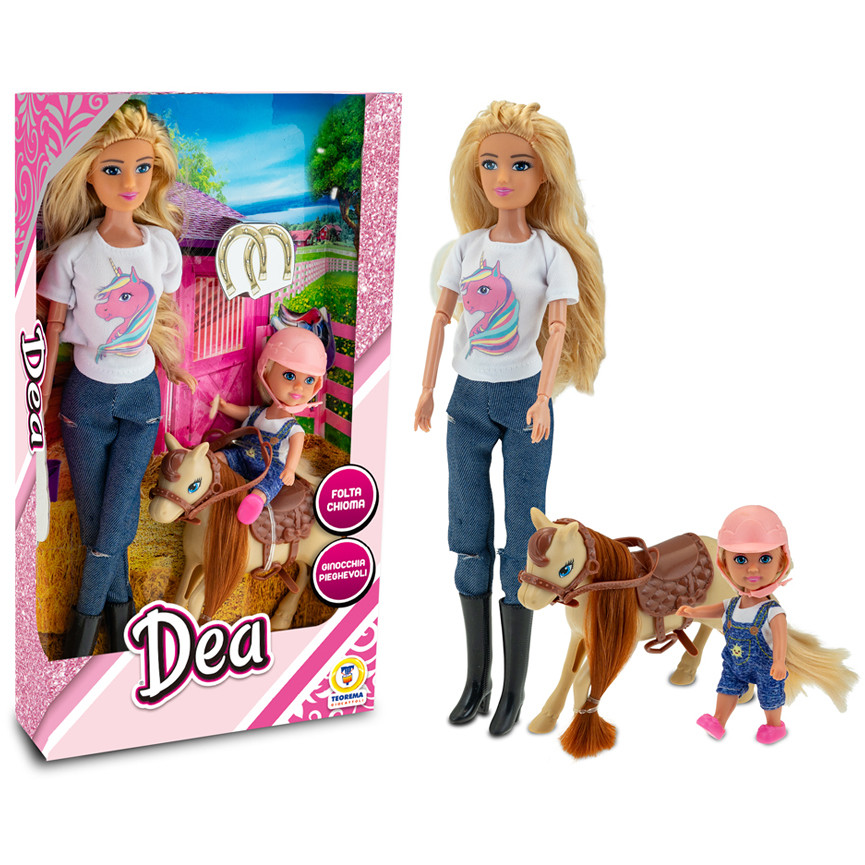 DEA MAMMA E FIGLIA CON PONY 80859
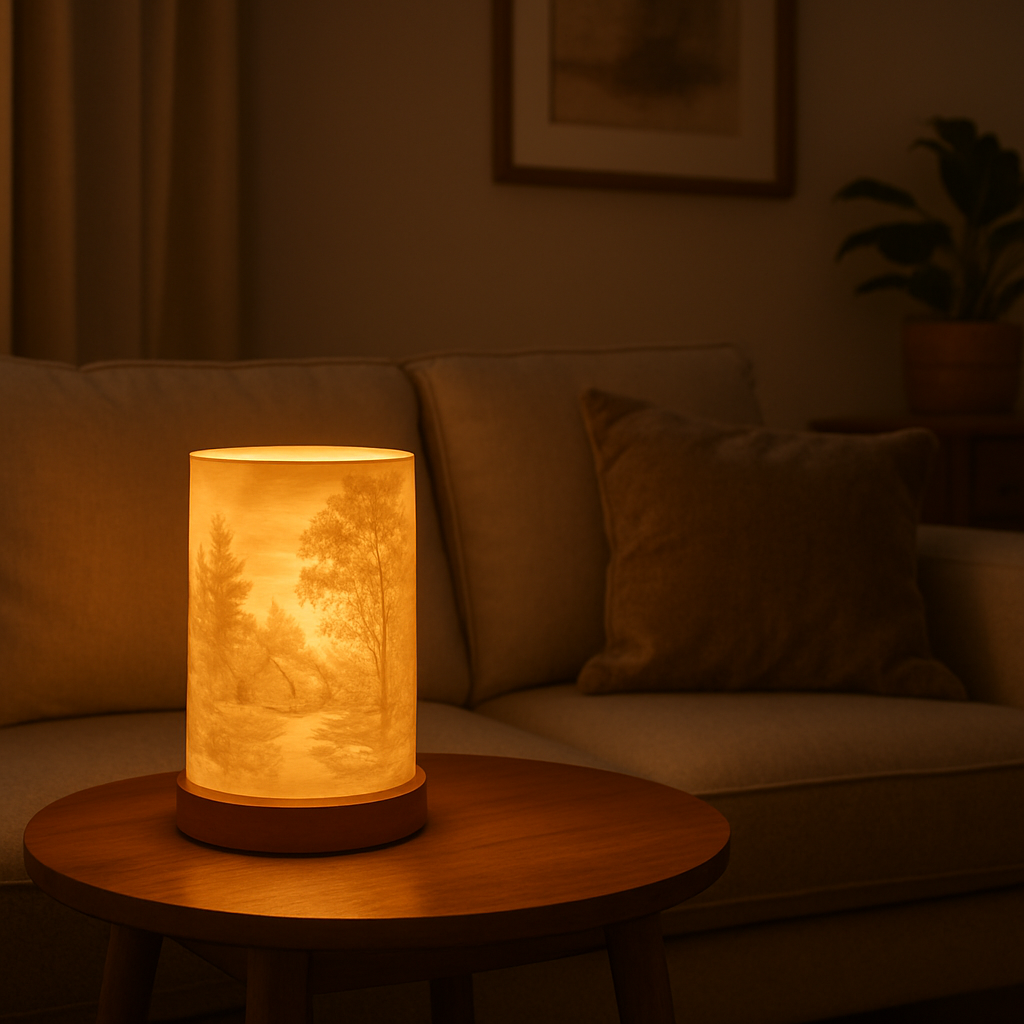 Light-Up Lithophane Decor for Cozy Home Lighting Glowing light-up lithophane lamp adding warm ambiance to a cozy living room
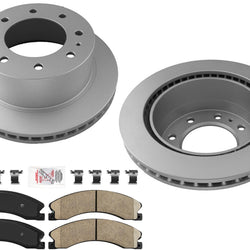 Rear Coated Brake Rotors Pads for GM Silverado 2500HD 2011-2019 W/ SRW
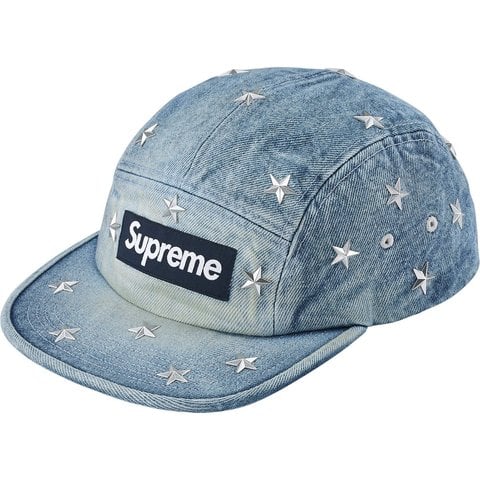 シュプリーム　スタースタッズデニムキャンプキャップ Supreme Stars Studded Denim Camp Cap Washed Black - US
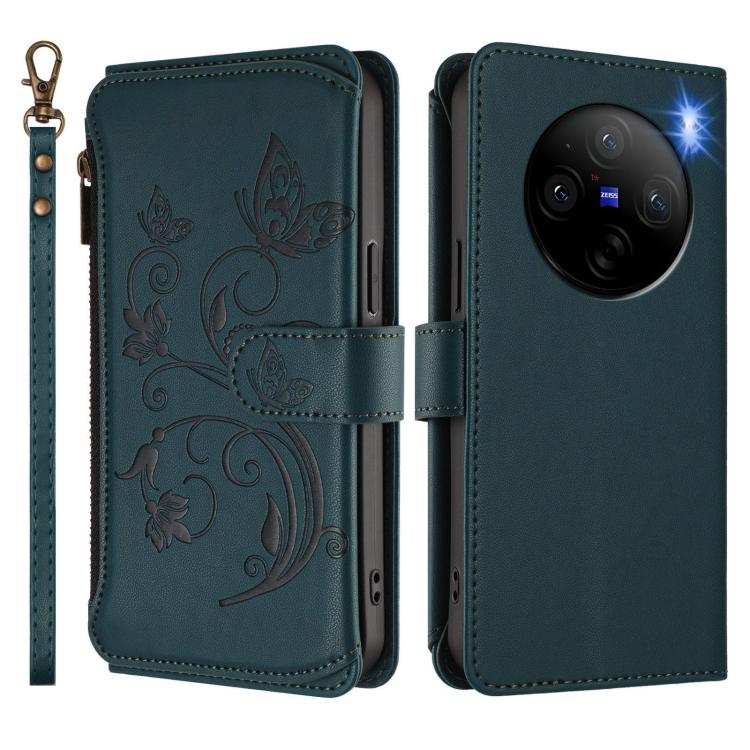 For vivo X100 Pro / X100s Pro Butterfly Love Flower Multi-card Zipper Wallet Leather Phone Case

> [Work task] Word for word, restate the lines from the line with "Rear Coated Brake" through the last line of the entries, and nothing beyond them. Omit pictures.

> [Response to this exercise]
 Rear Coated Brake Rotors Pads for GM Silverado 2500HD 2011-2019 W/ SRW
 シュプリーム　スタースタッズデニムキャンプキャップ Supreme Stars Studded Denim Camp Cap Washed Black - US
 For vivo X100 Pro / X100s Pro Butterfly Love Flower Multi-card Zipper Wallet Leather Phone Case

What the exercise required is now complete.